## TASK REQUIREMENTS
From the line containing "YETI Rescue Red Roadie 24 Hard Cooler" through the last line of the entries, output the text exactly. Pictures stay out.

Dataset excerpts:

----------

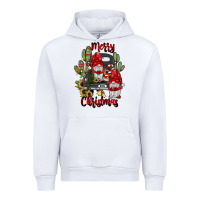 White farm truck,merry christmas gnome Urban Hoodie - JahusDesignShop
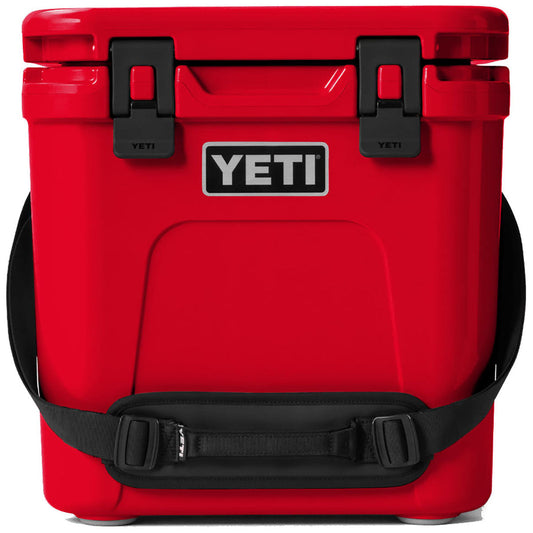 YETI Rescue Red Roadie 24 Hard Cooler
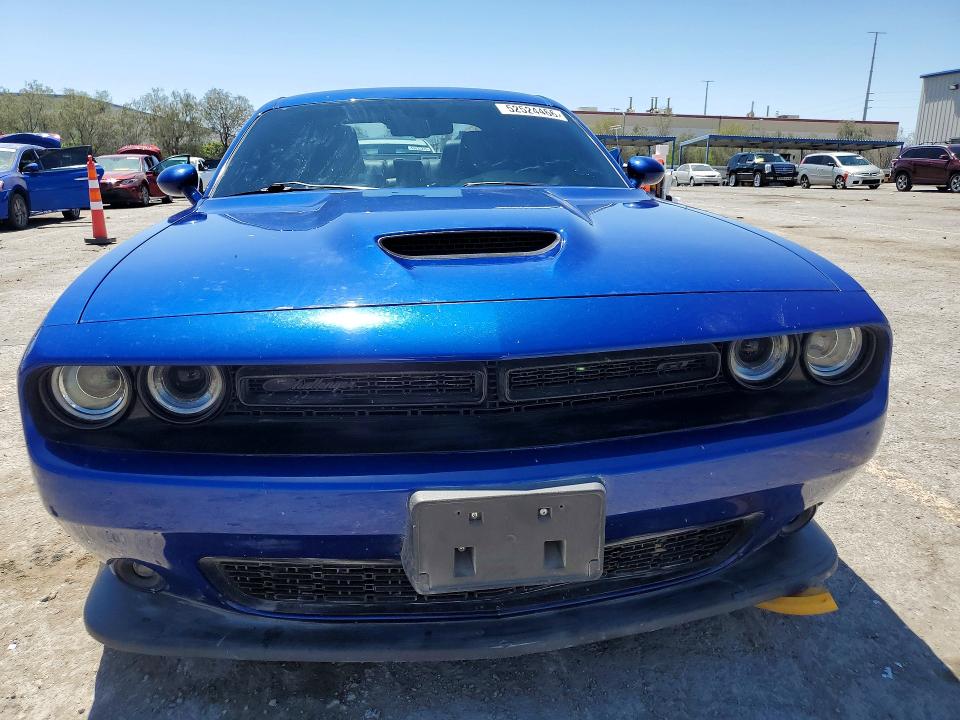 2020 Dodge Challenger VIN 2C3CDZJG0LH148963 COPART salvage auction — REAR END, Nv - Salvage Title, sold $5,600 on 2026-07-09 (photo 5)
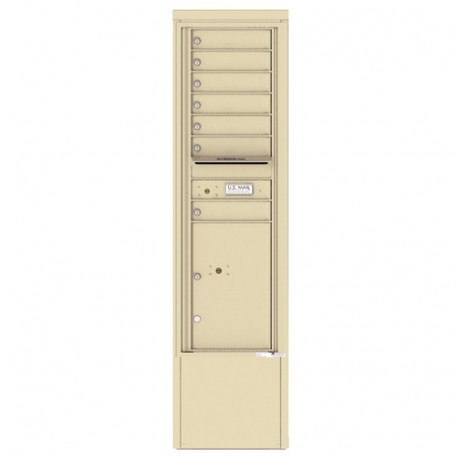 Authentic Parts 4C15S-07-D Versatile 4C Depot with Module, 7 Tenant Doors with Parcel Locker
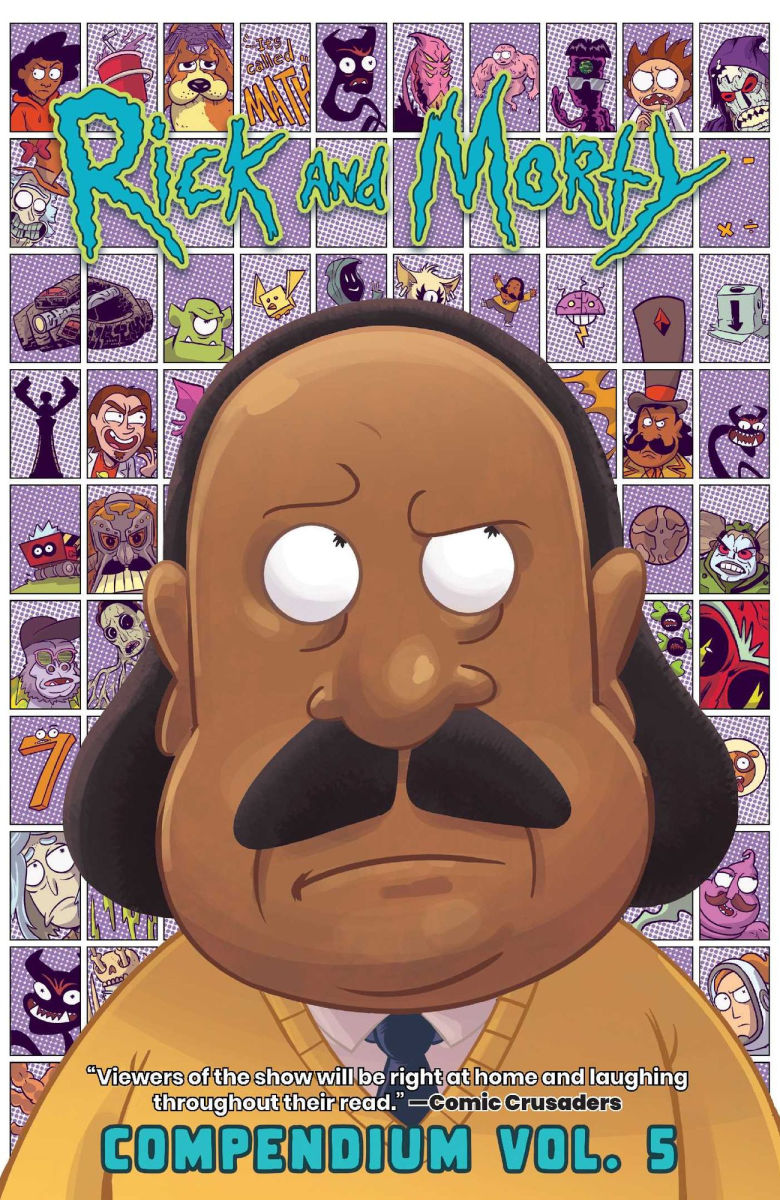 Rick and Morty Compendium Vol.5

----------

## RESULT OF THIS EXERCISE
 YETI Rescue Red Roadie 24 Hard Cooler
 2020 Dodge Challenger VIN 2C3CDZJG0LH148963 COPART salvage auction — REAR END, Nv - Salvage Title, sold $5,600 on 2026-07-09 (photo 5)
 Authentic Parts 4C15S-07-D Versatile 4C Depot with Module, 7 Tenant Doors with Parcel Locker
 Rick and Morty Compendium Vol.5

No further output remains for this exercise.